D’ailleurs, quelques heures plus tard, une centaine d’entre eux avaient manifesté nuitamment sur le parvis des Droits de l’Homme, au Trocadéro à Paris, menottes jetées à terre.
“Nous demandons au président un plan Marshall pour les forces de l’ordre. Cela dépasse largement le ministre de l’Intérieur”, a expliqué à l’AFP Fabien Vanhemelryck (Alliance).
Il prédit des actions de plus en plus nombreuses et spectaculaires jusqu’à ce que le président les reçoive. “S’il ne nous reçoit pas, on verra bien que quand la police n’est pas là, c’est le bordel”, s’enflamme un autre syndicaliste sous couvert de l’anonymat.
Changer de ministre ?
Changer de ministre? Pour Alliance, SGP-FO et les autres organisations syndicales, cela ne résoudra pas le problème. Mais aucun ne parie sur le maintien de Christophe Castaner place Beauvau.
Le chef de l”Etat a évoqué dimanche soir “un nouveau chemin” dont il définirait, en juillet après le second tour des municipales, les contours avec, en toute logique, un remaniement.
Le départ de Christophe Castaner, un des fidèles d’Emmanuel Macron, n’était pas envisagé jusqu’à la semaine dernière. Mais, lundi dernier, le ministre a déclenché un tollé dans la police en annonçant l’interdiction de la “clé d’étranglement” et la “tolérance zéro” pour tout propos, faits de racisme dans les rangs des forces de l’ordre.
Cette conférence de presse, qui répondait à une demande du chef de l’Etat, est intervenue dans un contexte de relance des accusations contre les violences policières et le racisme au sein des forces de l’ordre.
Accusations portées notamment par le comité Adama Traoré, du nom d’un jeune homme noir décédé en juillet 2016 après une interpellation en région parisienne. Avec un parallèle fait avec la mort aux États-Unis de George Floyd sous le genou d’un policier, qui a soulevé une vague d’indignation mondiale.

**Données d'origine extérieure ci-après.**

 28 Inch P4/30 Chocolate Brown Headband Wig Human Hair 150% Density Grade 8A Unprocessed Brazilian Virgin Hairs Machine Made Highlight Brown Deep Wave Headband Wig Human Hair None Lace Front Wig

“Il fallait significativement faire bouger les lignes. Il fallait oser cette manœuvre qui est un véritable quitte ou double”, explique-t-on dans l’entourage du ministre.
On souligne que “du côté de la police, c’est la course à l’hyper-équipement depuis 30 ans sans jamais rien remettre en cause”.

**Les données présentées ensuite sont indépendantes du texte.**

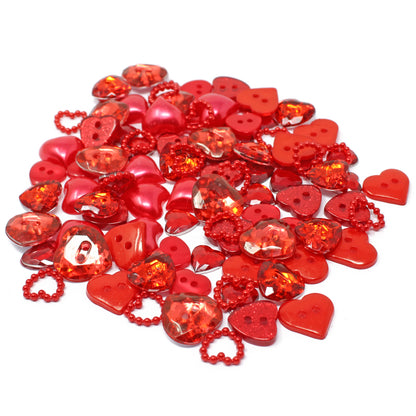 Red 100 Mix Heart Acrylic & Resin Buttons & Flatbacks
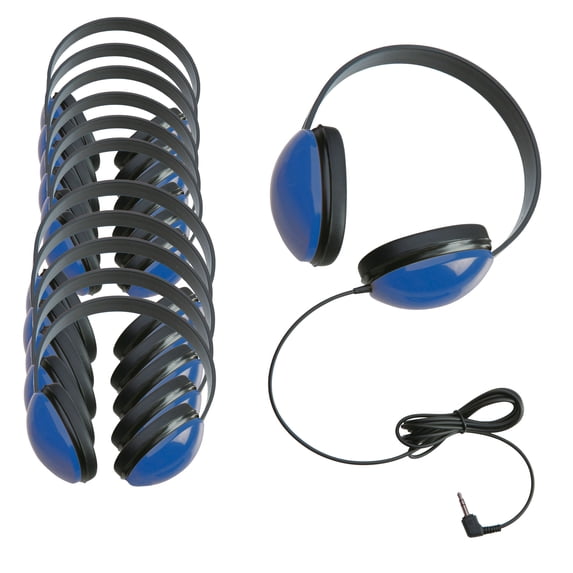 Califone 2800-BL Listening First Stereo Headphones for Kids (Blue, 12-Pack)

Devant des visiteurs, Christophe Castaner a reconnu que “la réplique” des policiers “a été très violente”, à la hauteur “du coup de pied donné dans la fourmilière”.
Amer, lui qui estime avoir “brisé un tabou” en se confrontant à ses troupes, il a confié également croire que “le lien” avec les syndicats n’était “pas rompu”. “J’ai marqué des points”, veut-il croire. Pour ses proches, “s’il saute, c’est accepter que les flics gardent le pouvoir absolu sur la maison”.
Déjà, les rumeurs bruissent sur l’identité de son éventuel successeur. Certains ont décelé dans les propos la semaine dernière du secrétaire d’Etat Laurent Nuñez des ambitions. On cite aussi le nom de Frédéric Péchenard, ancien patron de la police nationale, élu régional LR en Ile-de-France, et proche de Nicolas Sarkozy.